Mission complete: parting words from Gen. Dillon

by Master Sgt. Michael Voss
86th Airlift Wing Public Affairs

As the 86th Airlift Wing prepares for Brig. Gen. Mark Dillon’s change of command ceremony Sept. 2, the day-to-day operations at the Gateway to Europe have not changed. Maintainers are still changing parts, medical technicians are still seeing patients and aircraft filled with deploying service members are still leaving the Ramstein flight line. But as the wheels of the commander’s C-130J Super Hercules touched ground, signifying the end of his final flight here, the general takes pride knowing his leadership helped enable this mission for the past two years.

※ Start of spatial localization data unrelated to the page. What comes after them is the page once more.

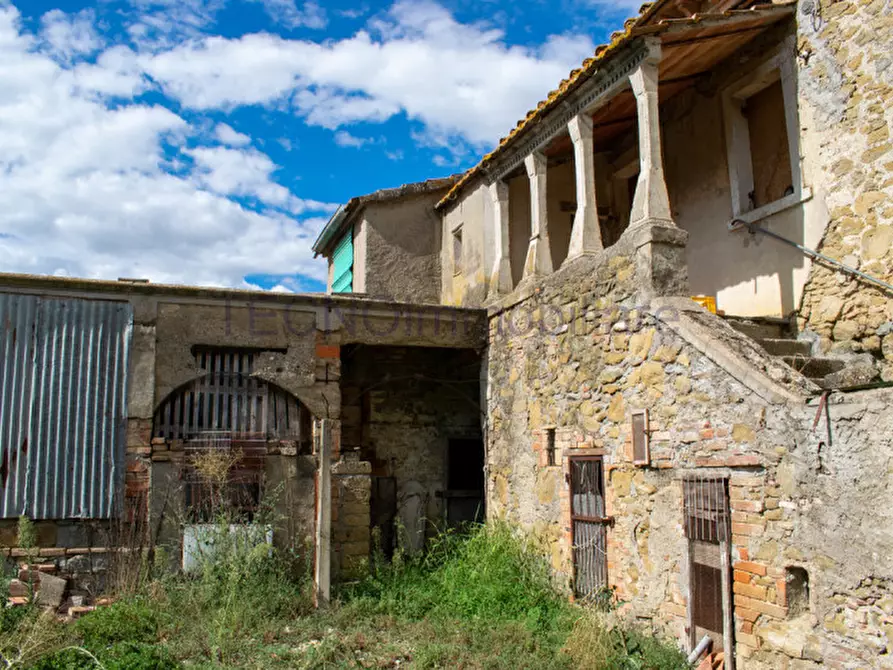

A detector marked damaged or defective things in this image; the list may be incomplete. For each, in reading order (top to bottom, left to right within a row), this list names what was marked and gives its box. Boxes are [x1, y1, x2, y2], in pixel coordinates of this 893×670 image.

rusty metal sheet [0, 294, 132, 520]
rusty metal gate [572, 456, 608, 604] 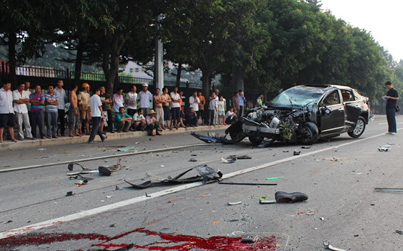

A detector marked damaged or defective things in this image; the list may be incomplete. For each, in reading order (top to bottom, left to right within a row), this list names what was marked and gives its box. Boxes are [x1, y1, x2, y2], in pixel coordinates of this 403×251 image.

broken windshield [268, 86, 326, 107]
damaged black suv [229, 85, 370, 145] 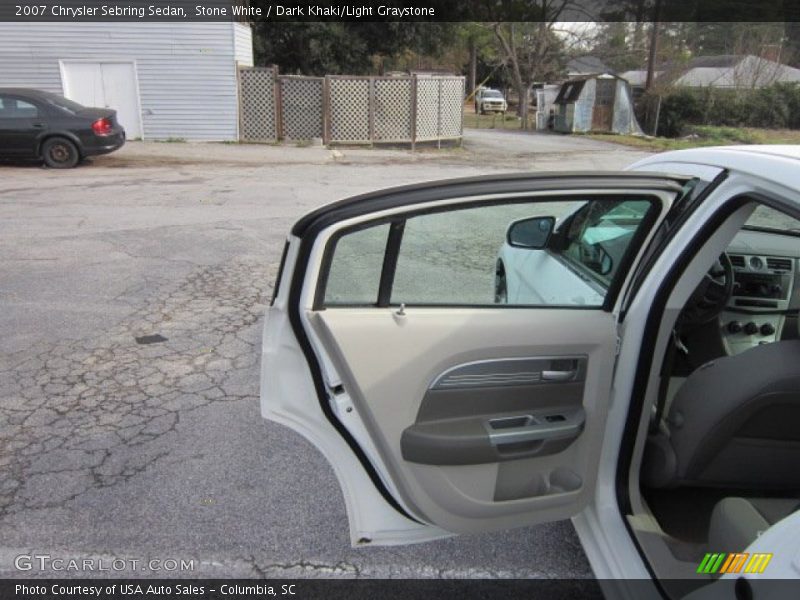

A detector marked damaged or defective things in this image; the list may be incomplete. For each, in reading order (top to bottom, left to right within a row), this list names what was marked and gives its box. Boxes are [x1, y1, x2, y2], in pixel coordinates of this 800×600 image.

cracked asphalt [0, 129, 648, 580] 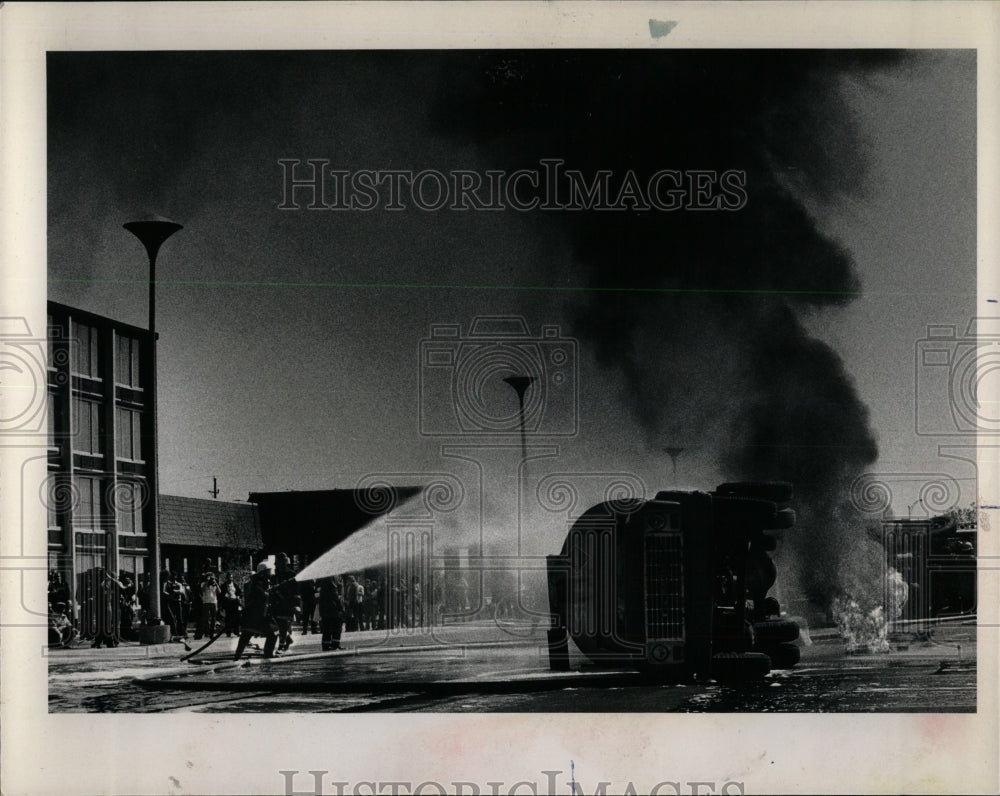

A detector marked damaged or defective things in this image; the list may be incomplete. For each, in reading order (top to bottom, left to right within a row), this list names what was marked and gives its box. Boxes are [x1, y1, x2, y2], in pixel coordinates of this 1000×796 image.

overturned tanker truck [544, 482, 800, 680] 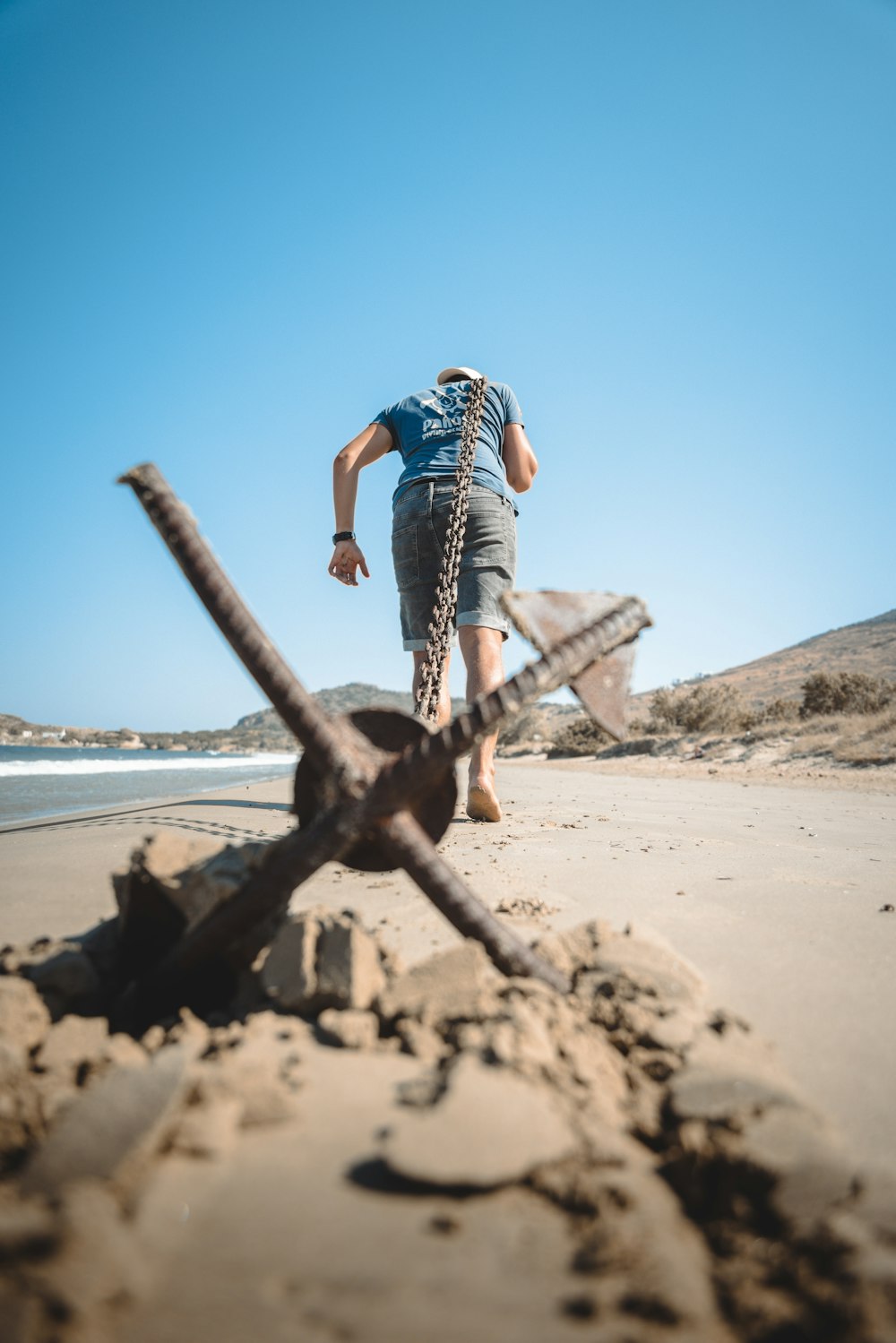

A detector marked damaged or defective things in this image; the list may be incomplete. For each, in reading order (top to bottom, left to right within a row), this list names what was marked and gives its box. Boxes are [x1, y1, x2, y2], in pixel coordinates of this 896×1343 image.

Though serving as installation commander for a wing of more than 9,000 Airmen  that supports three wings, two numbered air forces, a major command and 14 geographically separated units is a challenge, since taking command in July 2009, Dillon has always looked for ways to more efficiently accomplish Ramstein’s mission and take care of Airmen and their families.

Before relinquishing command of the wing, the commander took some time to reflect on his time here and what he sees in Ramstein’s future.

What were your goals for Ramstein before getting here?
I knew in my discussions with Gen. (William) Bender (the former commander) that the wing had undergone a significant reorganization, so I developed my two-year plan. The first year was an internal review process. The goal was to mature and develop the new 86th Airlift Wing. That had grown from 2,000 to 9,000 personnel.

We had to work out the organizational structures to ensure that process worked smoothly. The second year was a focus of our external processes with a goal of ensuring the best possible support is provided to the greater KMC. Historically, the 86th Airlift Wing commander was dual-hatted as the KMC commander. But as we entered the second year, we found, due to some of the issues in KMC, the area would be better served by elevating the KMC commander to a three-star level.

How have those goals changed throughout your tenure?
Which ones were we able to accomplish and which ones had to be adjusted? Those were my two big goals (mature and develop the new 86th Airlift Wing and ensure the KMC the best possible support) when I got here, but the ultimate goal as a wing commander is to ensure the mission is complete and that I am able to hand a fully functional organization to Gen. (Charles) Hyde on Sept. 2. Because we have some really incredible Airmen in this wing who have figured out how to fill in those blanks, we have been more successful than I imagined. I could not be prouder of the Airmen and families of the 86th Airlift Wing.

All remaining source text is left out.